BERT-based distractor generation for Swedish reading comprehension
questions using a small-scale dataset
- URL: http://arxiv.org/abs/2108.03973v1
- Date: Mon, 9 Aug 2021 12:15:47 GMT
- Title: BERT-based distractor generation for Swedish reading comprehension
questions using a small-scale dataset
- Authors: Dmytro Kalpakchi and Johan Boye
- Abstract summary: We present a new BERT-based method for automatically generating distractors using only a small-scale dataset.

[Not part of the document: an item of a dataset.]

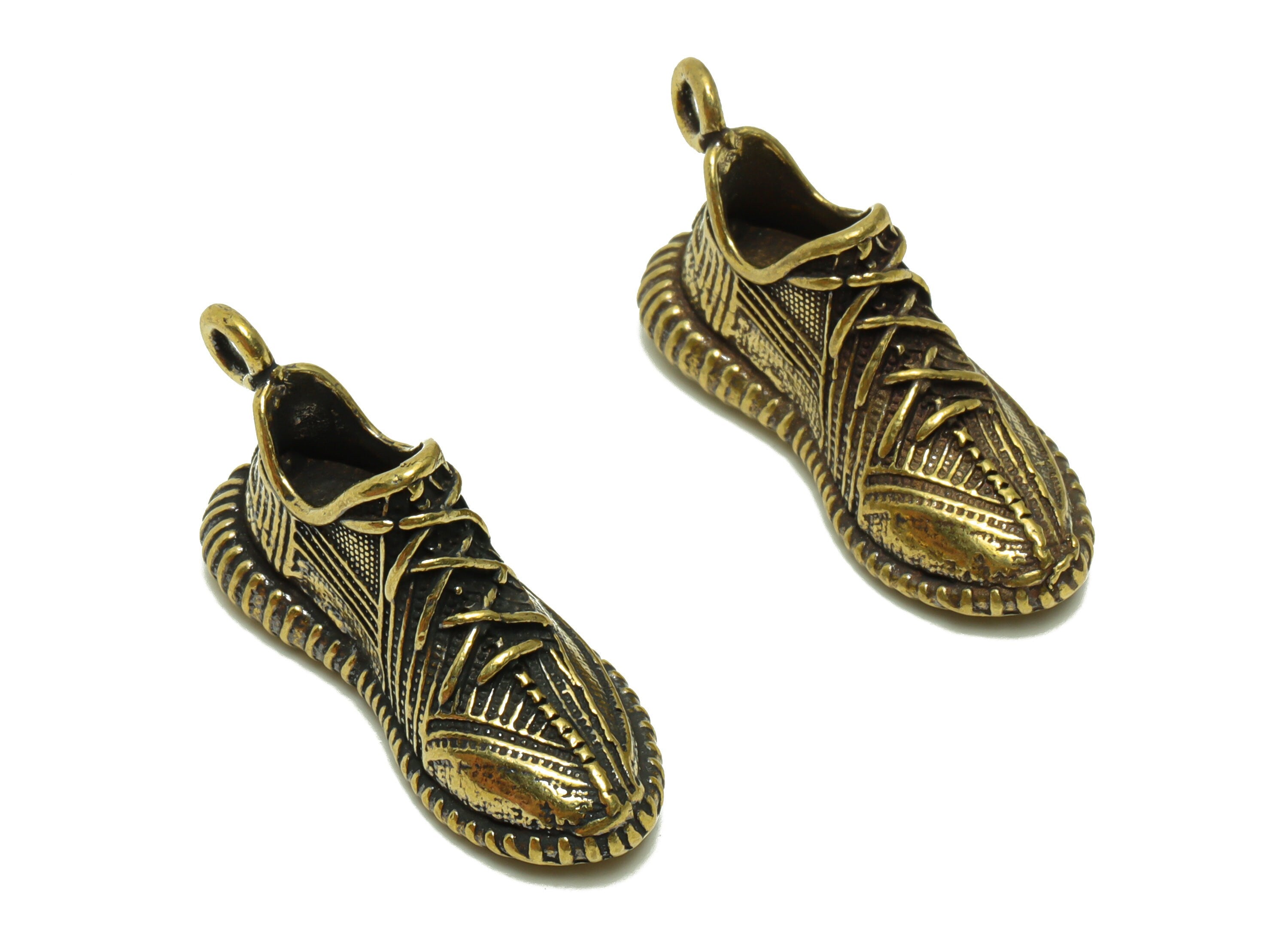 Brass Shoes Charm - Raw Brass Shoes Earring Charms - Shoes Figure - Antique Looking Pendant - Shoes Pendant - 35.05x16.56x12.9mm-PP8749 - DOMEDBAZAAR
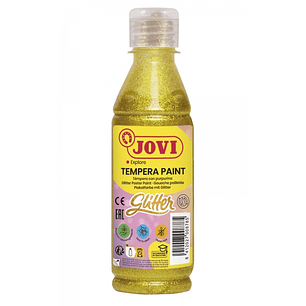 Jovi Glitter Tempera Liquida Base Agua 250ml - Particulas de Purpurina - Excelente Rendimiento - Secado Rapido - Fluidez Optima - Adherencia en Multip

Evaluation shows that from a student's perspective, our method generated one or more plausible distractors for more than 50% of the MCQs in our test set.
- Score: 0.0
- License: http://creativecommons.org/licenses/by/4.0/
- Abstract: An important part when constructing multiple-choice questions (MCQs) for
reading comprehension assessment are the distractors, the incorrect but
preferably plausible answer options. In this paper, we present a new BERT-based
method for automatically generating distractors using only a small-scale
dataset. We also release a new such dataset of Swedish MCQs (used for training
the model), and propose a methodology for assessing the generated distractors.
Evaluation shows that from a student's perspective, our method generated one or
more plausible distractors for more than 50% of the MCQs in our test set. From
a teacher's perspective, about 50% of the generated distractors were deemed
appropriate. We also do a thorough analysis of the results.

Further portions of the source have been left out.